Entertainment

ODD CONDITIONS PUT CITY FOLK IN BAD STATE

WITH its tense portrait of nine characters coping with the pressures of urban life, “Unconditional,” by Brett C. Leonard, has the feel of a lost Sidney Lumet film from the ’70s. Unfortunately, it is being presented right now, onstage, by the LAByrinth Theater Company.

The production, directed by Mark Wing-Davey, is one of the most awkwardly designed enterprises ever encountered on a New York stage.

Audience members sit at the far ends of the long playing area – there are also viewers on raised seats along the sides, but judging by their constant contortions, their views seemed to be obstructed – and half the time the performers are at the other end facing away from us. Constant scene changes had the performers dodging the scenery as much as actually acting.
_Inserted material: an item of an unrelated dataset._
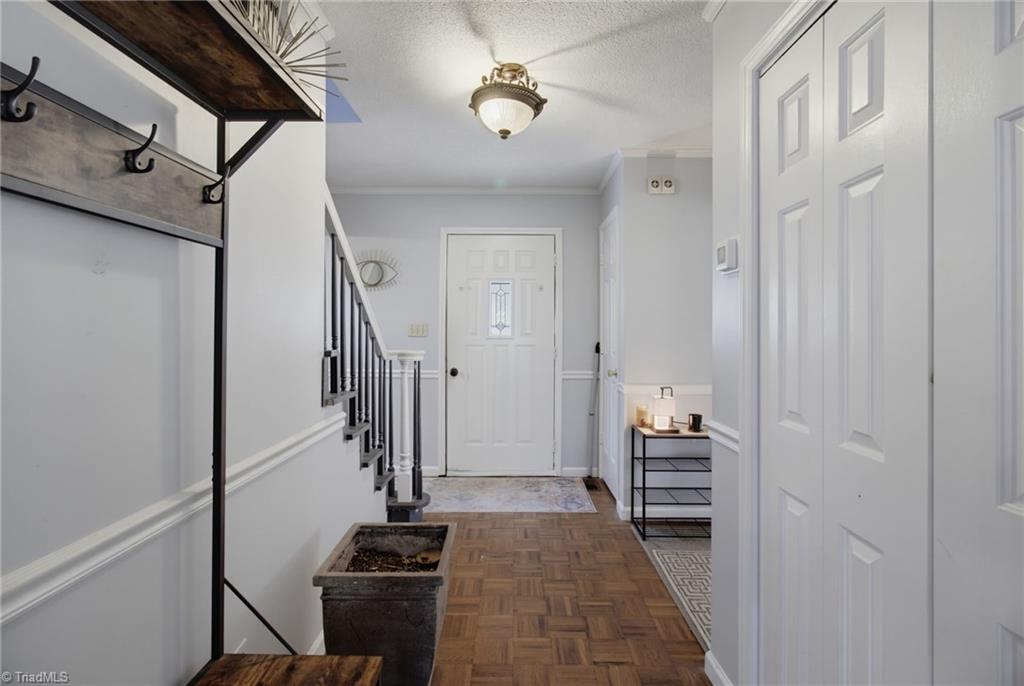 1209 Shalimar Drive Property Photo 8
The play depicts the sexually and racially charged interactions of a gallery of New Yorkers, including an African-American man (Isiah Whitlock Jr.) violently reacting to being laid off from his job of 25 years, and an interracial couple (Kevin Geer, Yolanda Ross) awkwardly beginning a relationship even while each of their marriages disintegrates.

The multiplicity of brief disconnected scenes results in a choppy, episodic structure that is ultimately wearisome. Despite the excellent efforts of the talented ensemble, not all characters or situations are fully engaging.

The playwright clearly has a talent for pungently profane dialogue – much of it delivered by the terrific John Doman as a divorced, middle-age criminal who resorts to violence when he feels he’s being cheated by his employee (Chris Chalk) – but too often the proceedings have the feel of sub-par David Mamet.